Assignment: For the data below, retype word for word the lines from the one containing "Ahşap Ev / Tiny House Model 3" through the one containing "Gebratener Blumenkohl Gebratener Blumenkohl"; drop the pictures.

Excerpted data:
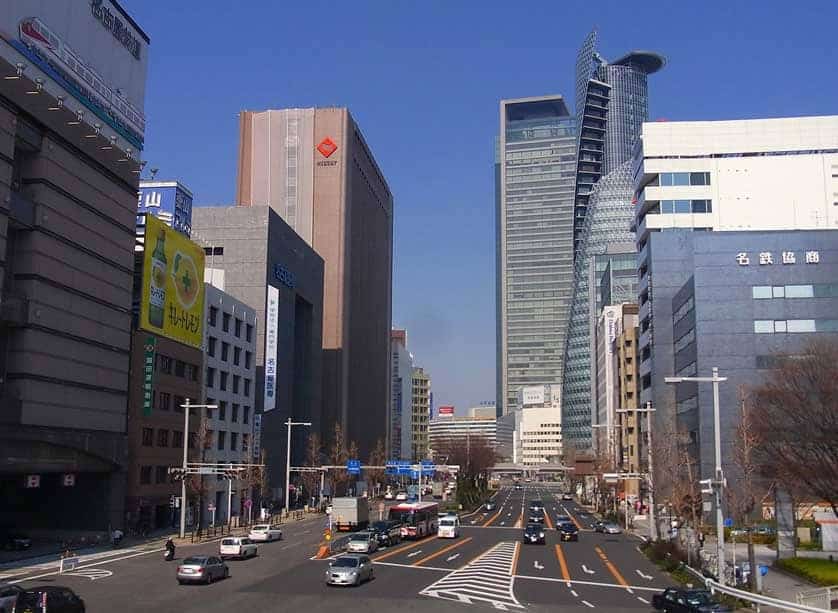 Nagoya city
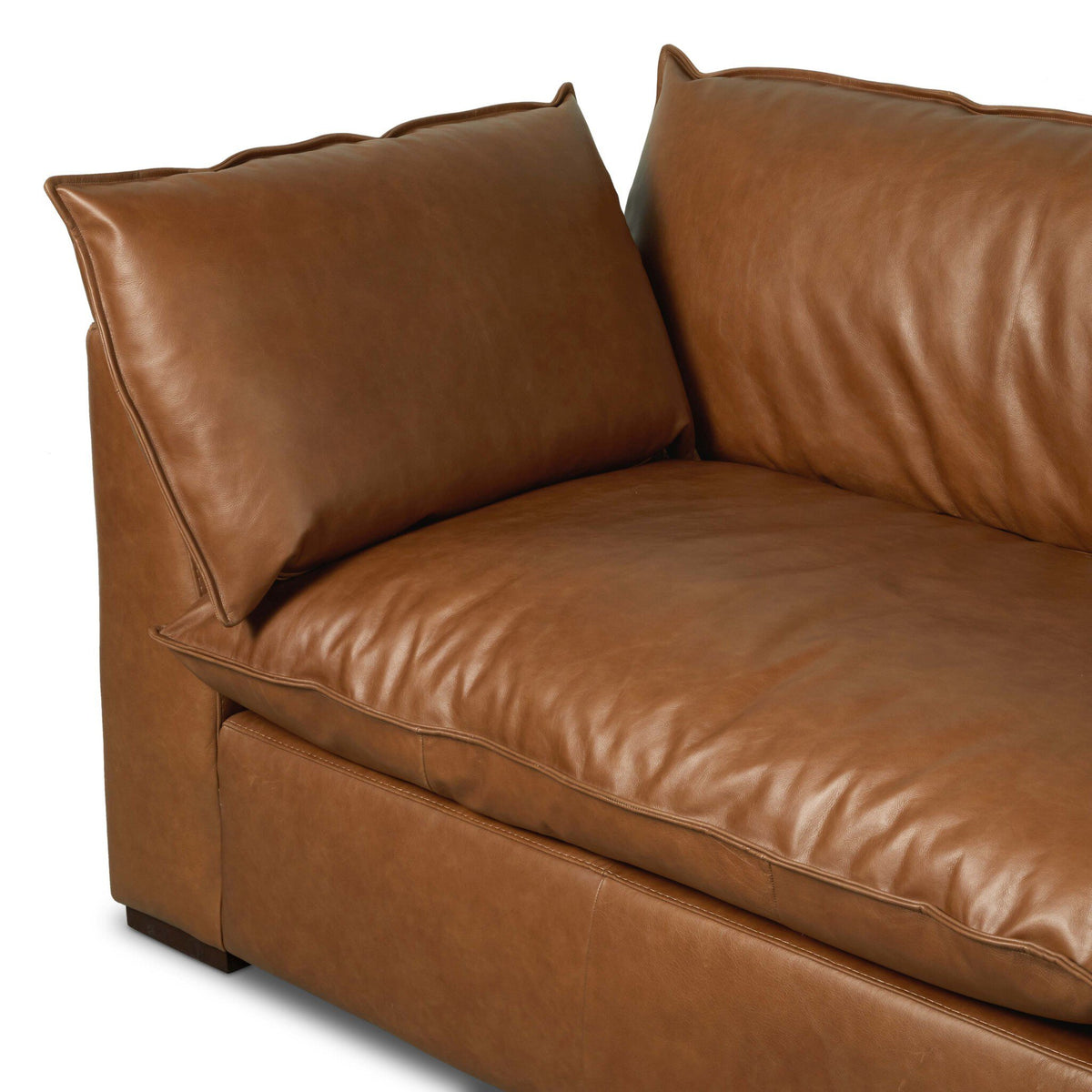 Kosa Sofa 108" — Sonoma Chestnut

...

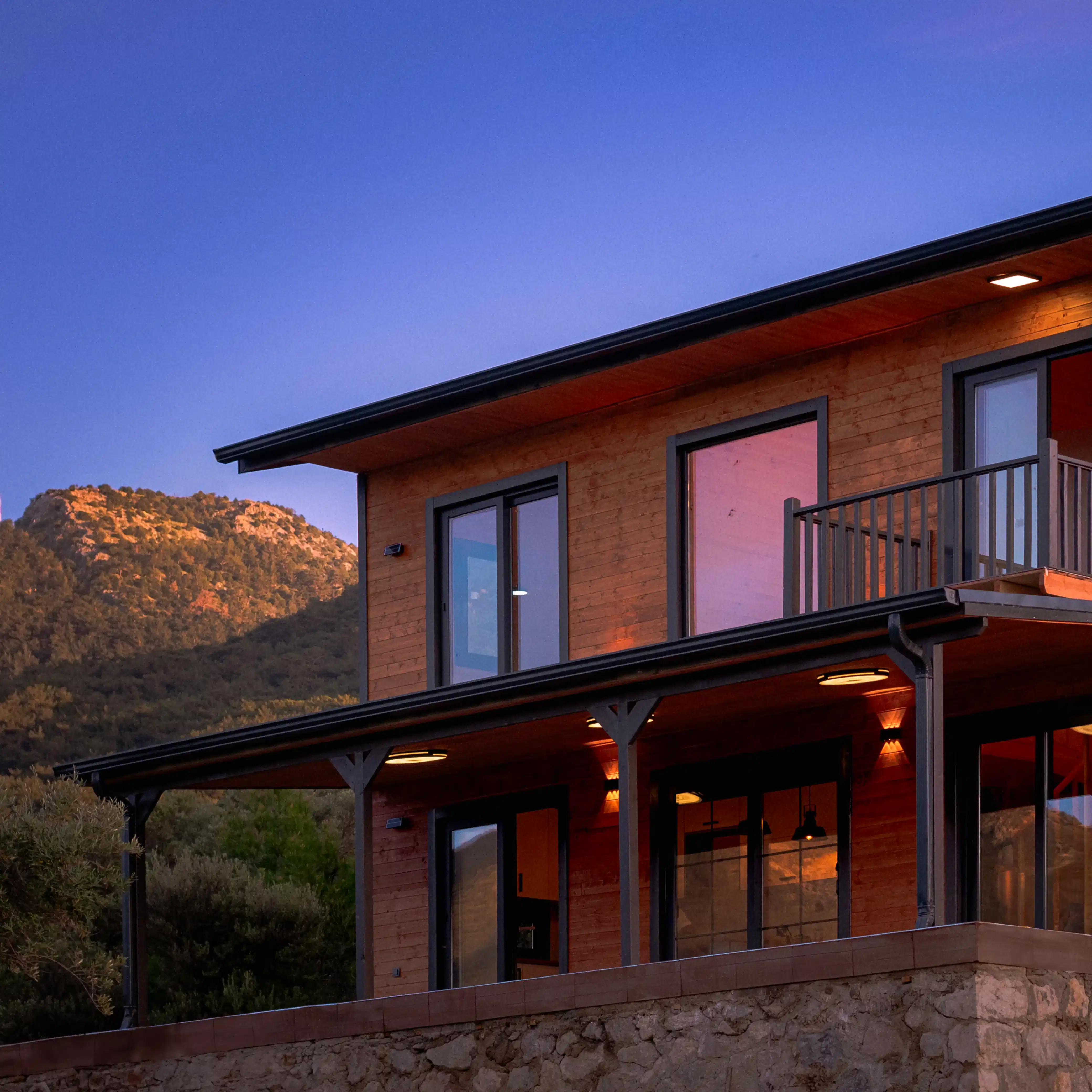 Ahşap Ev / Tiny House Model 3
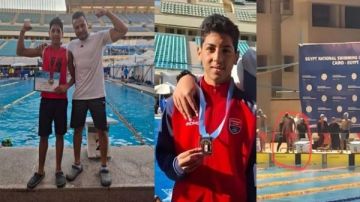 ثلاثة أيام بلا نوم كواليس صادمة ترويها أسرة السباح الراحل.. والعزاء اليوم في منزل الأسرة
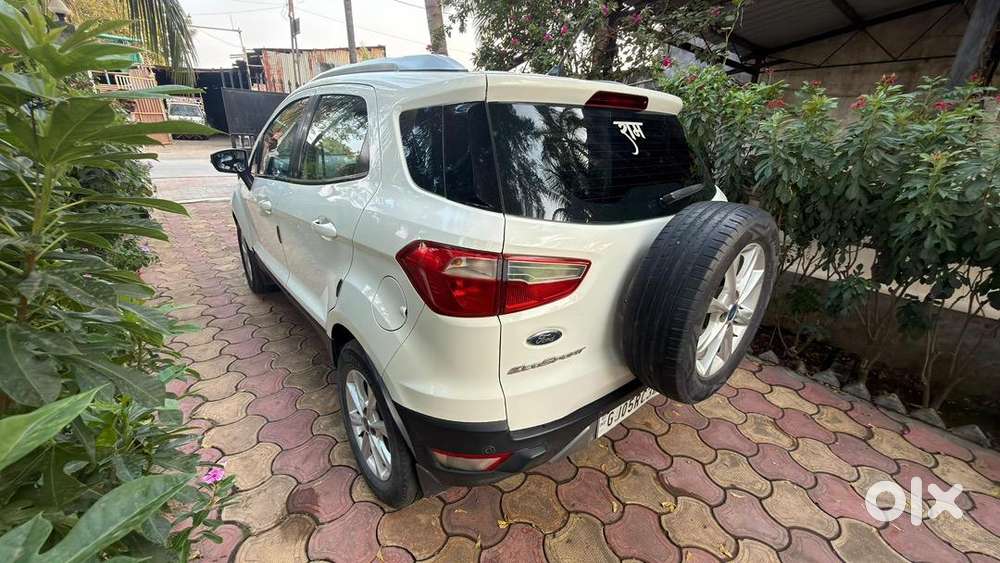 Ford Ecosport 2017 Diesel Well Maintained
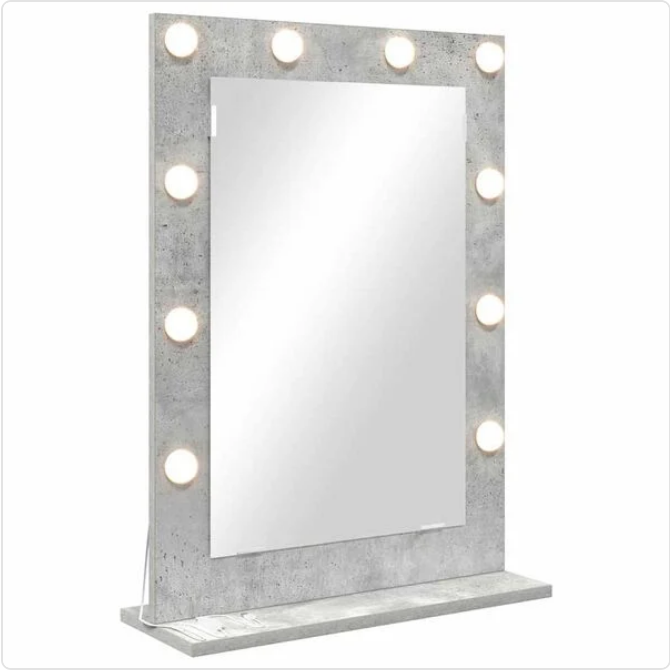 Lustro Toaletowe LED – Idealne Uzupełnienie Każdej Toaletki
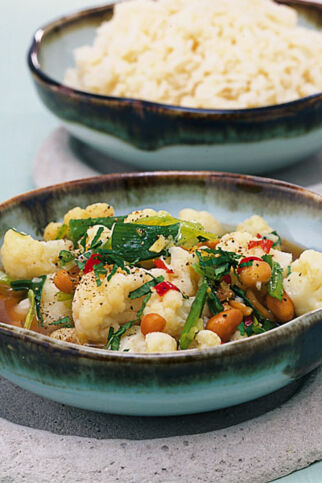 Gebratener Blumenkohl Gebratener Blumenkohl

Written answer:
 Ahşap Ev / Tiny House Model 3
 ثلاثة أيام بلا نوم كواليس صادمة ترويها أسرة السباح الراحل.. والعزاء اليوم في منزل الأسرة
 Ford Ecosport 2017 Diesel Well Maintained
 Lustro Toaletowe LED – Idealne Uzupełnienie Każdej Toaletki
 Gebratener Blumenkohl Gebratener Blumenkohl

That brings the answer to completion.